Date
Data management: what it is, best practices, and platforms used
Regardless of their size and type of business, companies are dealing every day with an increasing amount and variety of data from an increasingly complex type of sources.
The informational value of data represents enormous potential for the enterprise, but it must be extracted from a raw base, prepared and made available for analytical applications, which through machine learning and other artificial intelligence techniques are able to produce unprecedented results from a descriptive, predictive and generative perspective.
To manage data and exploit it efficiently, the know-how and experience of individuals is no longer sufficient.
Manual operations can no longer keep up with the numerics and complexity of data, especially given the need to analyze it in real time.
Therefore, there is a need to structure a data management strategy that can account for all aspects of data in an increasingly data-driven and customer-centric environment.
In some ways, data management is a practical and consistent response to the corporate data culture.
For many, this is a novelty in the digital age, but we are talking about a process that made its appearance as far back as the 1960s, with the spread of the first mainframe databases, systems capable of managing data according to a predetermined hierarchy.
They were the ancestors of relational databases, which saw their debut in the 1960s and would spread profitably from the 1980s onward, until, in the 1990s, the arrival on the market of modern data warehouses, systems capable of guaranteeing end-to-end data quality necessary for analytical applications.

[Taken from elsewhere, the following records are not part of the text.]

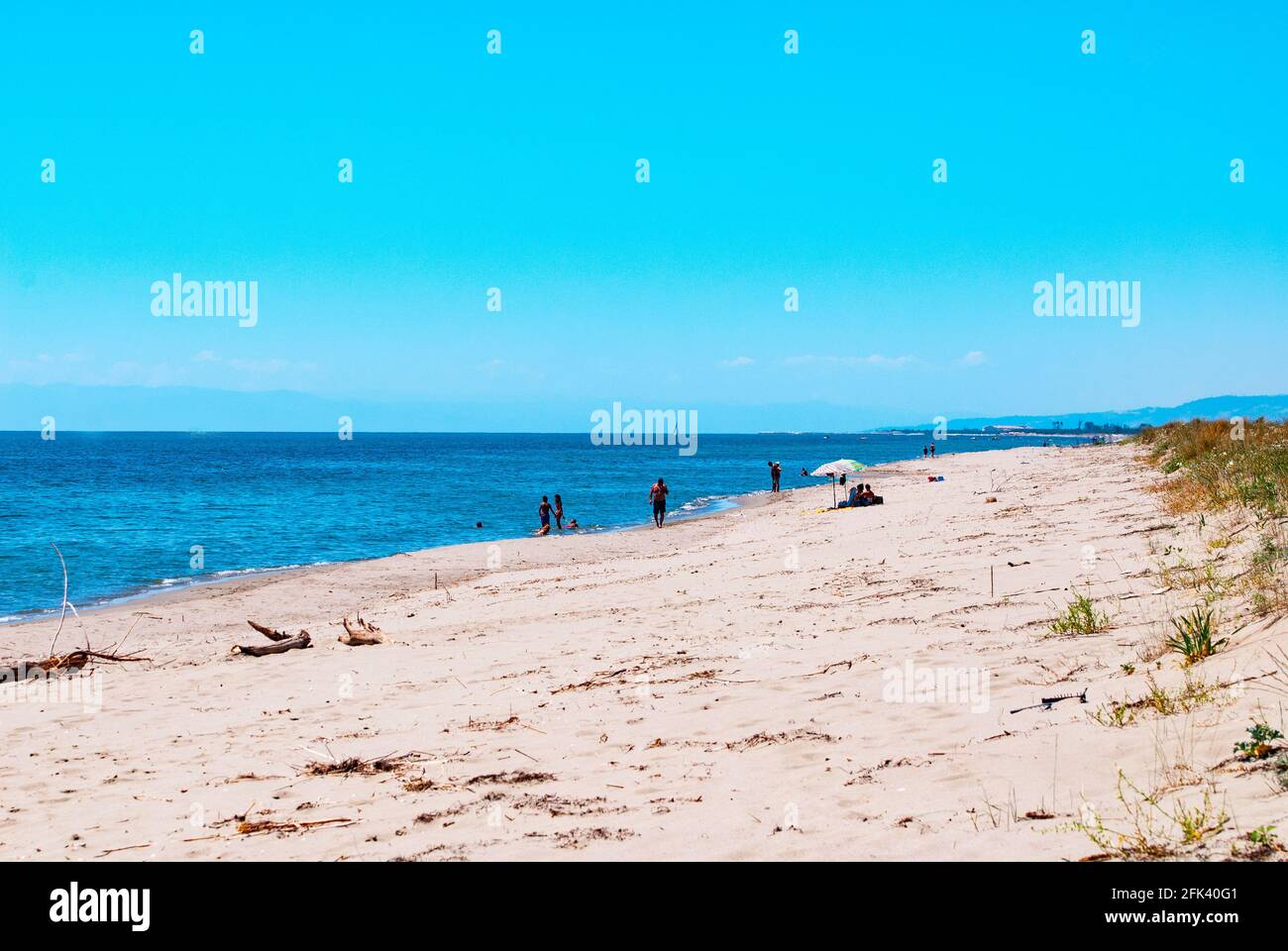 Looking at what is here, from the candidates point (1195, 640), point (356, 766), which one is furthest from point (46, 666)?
point (1195, 640)

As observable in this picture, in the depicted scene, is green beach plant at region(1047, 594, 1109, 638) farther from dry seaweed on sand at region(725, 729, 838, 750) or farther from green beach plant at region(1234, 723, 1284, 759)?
green beach plant at region(1234, 723, 1284, 759)

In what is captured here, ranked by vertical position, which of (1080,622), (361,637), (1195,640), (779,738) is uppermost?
(1195,640)

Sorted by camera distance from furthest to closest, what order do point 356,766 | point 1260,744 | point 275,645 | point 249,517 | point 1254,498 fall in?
1. point 249,517
2. point 275,645
3. point 1254,498
4. point 356,766
5. point 1260,744

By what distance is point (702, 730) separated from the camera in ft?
22.0

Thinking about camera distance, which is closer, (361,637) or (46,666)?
(46,666)

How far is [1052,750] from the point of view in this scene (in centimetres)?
523

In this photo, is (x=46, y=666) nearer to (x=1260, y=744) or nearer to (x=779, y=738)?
(x=779, y=738)

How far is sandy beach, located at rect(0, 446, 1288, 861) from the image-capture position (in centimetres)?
466

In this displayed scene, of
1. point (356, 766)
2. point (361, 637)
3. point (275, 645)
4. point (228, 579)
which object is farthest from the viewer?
point (228, 579)

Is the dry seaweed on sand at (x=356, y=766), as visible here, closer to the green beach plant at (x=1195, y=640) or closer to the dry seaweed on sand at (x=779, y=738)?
the dry seaweed on sand at (x=779, y=738)

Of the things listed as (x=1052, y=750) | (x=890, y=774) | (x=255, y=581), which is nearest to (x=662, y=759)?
(x=890, y=774)

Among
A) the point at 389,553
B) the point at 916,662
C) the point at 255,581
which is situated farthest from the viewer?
the point at 389,553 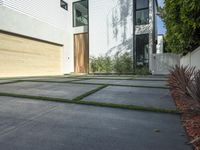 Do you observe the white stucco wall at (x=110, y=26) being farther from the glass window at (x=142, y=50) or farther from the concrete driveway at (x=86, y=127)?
the concrete driveway at (x=86, y=127)

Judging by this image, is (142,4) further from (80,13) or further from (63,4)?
(63,4)

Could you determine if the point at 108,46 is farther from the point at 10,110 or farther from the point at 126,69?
the point at 10,110

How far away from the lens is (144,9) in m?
15.7

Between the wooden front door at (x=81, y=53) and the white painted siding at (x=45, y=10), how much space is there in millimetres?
1710

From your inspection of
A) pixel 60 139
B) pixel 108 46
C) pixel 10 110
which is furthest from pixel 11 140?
pixel 108 46

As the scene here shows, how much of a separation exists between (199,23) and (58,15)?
1375 cm

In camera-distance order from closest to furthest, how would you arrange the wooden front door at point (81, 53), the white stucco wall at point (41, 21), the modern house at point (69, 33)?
1. the white stucco wall at point (41, 21)
2. the modern house at point (69, 33)
3. the wooden front door at point (81, 53)

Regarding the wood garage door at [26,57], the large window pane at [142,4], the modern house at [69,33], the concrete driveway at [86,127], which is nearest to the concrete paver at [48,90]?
the concrete driveway at [86,127]

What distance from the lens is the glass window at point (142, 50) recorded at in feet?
50.9

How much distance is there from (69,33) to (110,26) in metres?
3.95

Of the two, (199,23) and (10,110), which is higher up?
(199,23)

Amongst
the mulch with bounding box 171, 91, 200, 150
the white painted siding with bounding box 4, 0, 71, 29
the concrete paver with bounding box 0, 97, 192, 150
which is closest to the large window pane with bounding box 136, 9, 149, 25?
A: the white painted siding with bounding box 4, 0, 71, 29

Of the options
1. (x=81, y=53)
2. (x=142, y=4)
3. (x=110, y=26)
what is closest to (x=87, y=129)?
(x=110, y=26)

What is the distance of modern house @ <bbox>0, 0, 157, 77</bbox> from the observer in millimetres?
11688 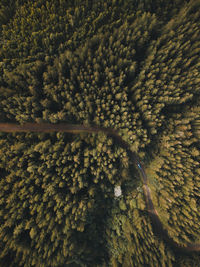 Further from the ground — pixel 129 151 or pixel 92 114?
pixel 92 114

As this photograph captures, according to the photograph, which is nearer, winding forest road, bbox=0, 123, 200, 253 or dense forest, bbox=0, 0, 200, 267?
dense forest, bbox=0, 0, 200, 267

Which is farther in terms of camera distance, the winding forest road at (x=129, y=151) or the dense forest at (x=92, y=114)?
the winding forest road at (x=129, y=151)

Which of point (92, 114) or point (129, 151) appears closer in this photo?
point (92, 114)

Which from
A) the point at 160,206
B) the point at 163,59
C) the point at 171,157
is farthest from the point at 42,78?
the point at 160,206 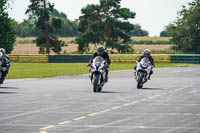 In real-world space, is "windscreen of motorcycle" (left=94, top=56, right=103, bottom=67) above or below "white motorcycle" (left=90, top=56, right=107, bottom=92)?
above

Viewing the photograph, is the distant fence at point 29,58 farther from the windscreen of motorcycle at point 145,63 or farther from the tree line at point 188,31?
the windscreen of motorcycle at point 145,63

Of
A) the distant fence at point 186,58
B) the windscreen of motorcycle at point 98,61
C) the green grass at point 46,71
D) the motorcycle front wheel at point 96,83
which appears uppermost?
the windscreen of motorcycle at point 98,61

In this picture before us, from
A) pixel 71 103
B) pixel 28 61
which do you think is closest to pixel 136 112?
pixel 71 103

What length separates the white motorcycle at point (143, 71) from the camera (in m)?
25.4

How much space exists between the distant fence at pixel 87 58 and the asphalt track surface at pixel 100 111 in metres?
38.4

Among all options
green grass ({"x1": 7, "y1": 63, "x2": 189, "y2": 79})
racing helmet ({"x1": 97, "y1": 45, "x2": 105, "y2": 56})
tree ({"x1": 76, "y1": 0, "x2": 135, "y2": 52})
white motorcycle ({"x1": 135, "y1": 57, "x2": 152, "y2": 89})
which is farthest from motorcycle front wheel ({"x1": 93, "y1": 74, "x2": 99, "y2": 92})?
tree ({"x1": 76, "y1": 0, "x2": 135, "y2": 52})

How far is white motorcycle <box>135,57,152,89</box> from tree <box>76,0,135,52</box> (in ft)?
249

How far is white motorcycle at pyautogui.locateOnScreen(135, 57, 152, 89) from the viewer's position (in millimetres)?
25359

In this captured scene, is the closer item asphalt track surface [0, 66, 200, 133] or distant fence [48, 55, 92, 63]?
asphalt track surface [0, 66, 200, 133]

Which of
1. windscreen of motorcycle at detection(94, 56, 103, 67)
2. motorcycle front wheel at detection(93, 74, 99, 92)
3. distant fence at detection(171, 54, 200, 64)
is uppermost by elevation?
windscreen of motorcycle at detection(94, 56, 103, 67)

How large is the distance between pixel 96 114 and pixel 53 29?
9666cm

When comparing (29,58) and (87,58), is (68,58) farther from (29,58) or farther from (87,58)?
(29,58)

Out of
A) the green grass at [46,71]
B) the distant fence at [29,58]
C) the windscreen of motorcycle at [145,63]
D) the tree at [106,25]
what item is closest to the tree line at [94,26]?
the tree at [106,25]

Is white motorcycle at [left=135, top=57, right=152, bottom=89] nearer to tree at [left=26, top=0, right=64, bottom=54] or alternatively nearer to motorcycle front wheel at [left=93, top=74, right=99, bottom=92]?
motorcycle front wheel at [left=93, top=74, right=99, bottom=92] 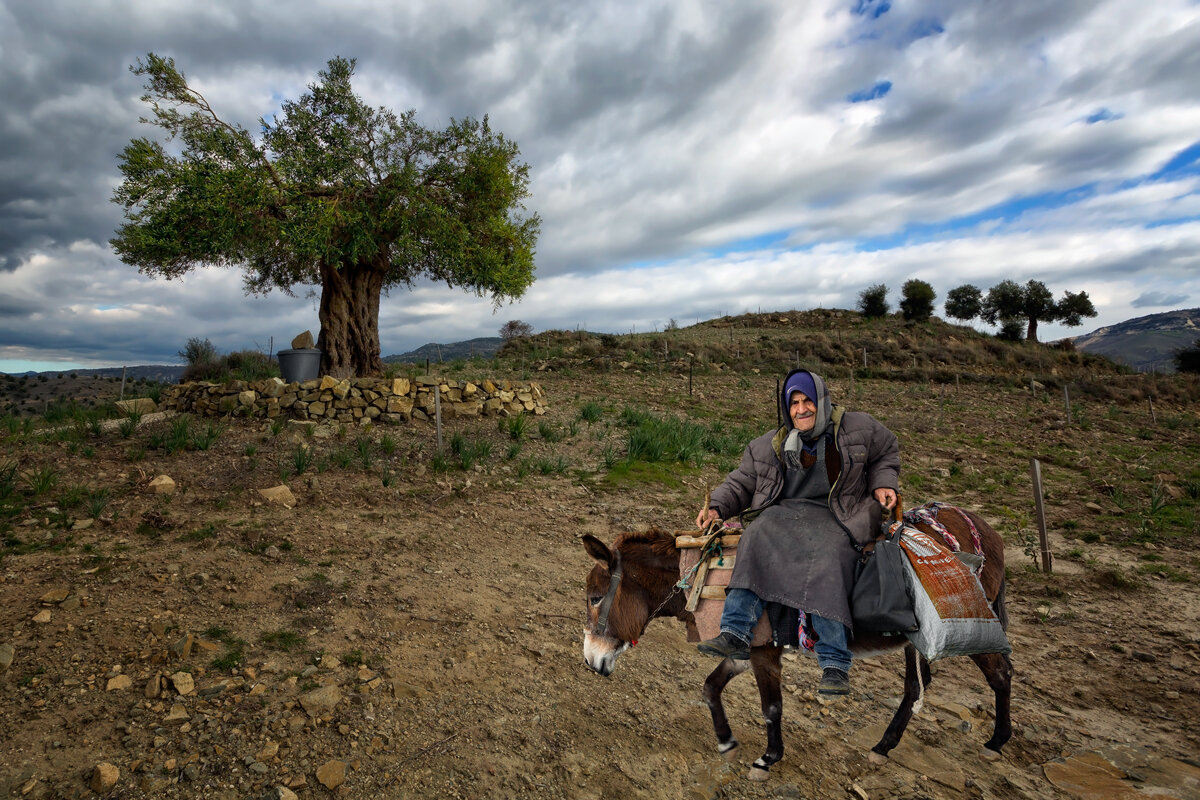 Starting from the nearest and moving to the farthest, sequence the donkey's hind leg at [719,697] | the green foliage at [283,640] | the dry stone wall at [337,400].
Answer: the donkey's hind leg at [719,697] < the green foliage at [283,640] < the dry stone wall at [337,400]

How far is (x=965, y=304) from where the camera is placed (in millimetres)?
49969

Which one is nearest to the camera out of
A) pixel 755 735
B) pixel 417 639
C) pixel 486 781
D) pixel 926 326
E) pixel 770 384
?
pixel 486 781

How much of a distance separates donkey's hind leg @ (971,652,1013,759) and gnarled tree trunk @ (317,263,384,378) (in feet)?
43.9

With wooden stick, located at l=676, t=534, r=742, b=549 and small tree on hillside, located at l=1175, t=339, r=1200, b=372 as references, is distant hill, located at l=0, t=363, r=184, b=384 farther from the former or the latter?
small tree on hillside, located at l=1175, t=339, r=1200, b=372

More recent years have seen the emergence of NoSQL databases, capable of handling even unstructured data, as well as systems such as data lakes, capable of storing huge amounts of data even in raw form, without having to transform them a priori, but only when they prove useful for analytical applications.
Today, with the spread of the cloud, an increasingly hybrid dimension of enterprise IT systems is being configured, and new concepts are being introduced, this time focused on data visibility, such as data fabric and data observability, whose applications enable a unified view regardless of their location, so that they can be managed in one virtual place.
Let’s look at what data management consists of, what the data manager does, and what are the best practices and most significant challenges related to data management in the enterprise.
What is meant by data management
In other words, Data management consists of all activities associated with the management and governance of enterprise data.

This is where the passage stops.